人の死を乗り越える

人の死の乗り越えかたをわたしはまだ知らない。

おそらくこの先も効果的な方法や特効薬は見つからないと思っている。

そしてそれで良いと思っている。

わたしは血の通った人間だ。

身近であればあるほど、その人の死が大きな悲しみやショックをもたらすのは仕方ないと思っている。

乗り越えかたはわからないが、癒しかたは少しだけ知っている。

わたしはかつて友を亡くした。

もう20年以上も前の話だが、わたしにとって彼の死はショックだった。

大きなショックだった。

わたしが平凡な学生生活を送っているときに、彼はテレビによく出ていた。

彼は普通の人とは異なる道を選んで、眩いばかりのスポットライトにあたっていた。

テレビに出た翌日、通学のために電車にのれば、郷土のスターの話題ばかりが耳に入ってきた。

ほんの数年前までは同じ時間を過ごしていたのに・・・・・。

だいぶ先に行かれた。

置いてきぼりにされた気分だった。

そんなある日、彼は死んだ。

仕事中の事故だった。

彼を知る誰もが、その死を受け止められずにいた。

わたしも何年間も苦しんだ。

思い出がたくさんあるぶん辛かった。

でもやはり時の流れがそのイタミを癒してくれた。

もうそれしかなかったと言ってもいいだろう。

わたしはいまでもよく彼のことを思い出す。

特に、セミの鳴く頃になると、強く思い出す。

それはいつも一緒に自転車でのぼっていた少し急な坂道での思い出だ。

彼はわたしよりも脚力が強かった。

わたしは少し先にスタートするが、いつもその坂道で追いつかれてしまうのだ。

そして後ろからわたしを追い抜こうとする彼が、がんばれがんばれ、と決まって声をかけてくる。
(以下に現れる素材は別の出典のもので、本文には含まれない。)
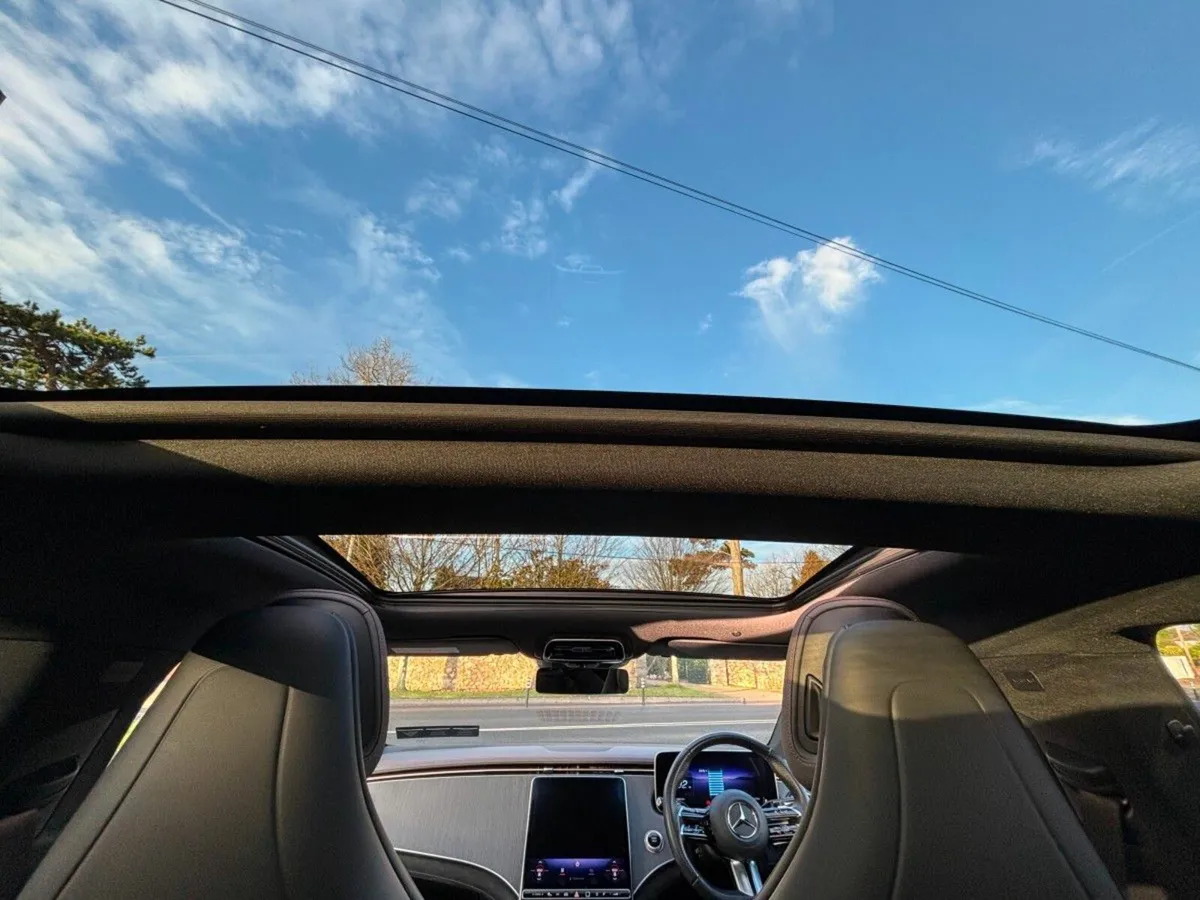 Mercedes-Benz EQE 300 AMG LINE PREMIUM OPENING PAN - Image 3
わたしは必死に抜かれまいとするが最初から勝負はついている。

彼はぐんぐんと坂道をのぼり切り、わたしのことを待っている。

わたしは息を切らせながら、なんとか自転車をこいで、彼に追いつく。

毎週のように繰り返される些細な出来事だった。

この坂道は夏になると、セミがうるさいぐらいに鳴いていた。

わたしはセミの声を聞くと、この情景を思い出す。

イタミはいつのまにか、かけがいのない思い出になった。

わたしは人の死は、時の流れでしか癒せないと思っている。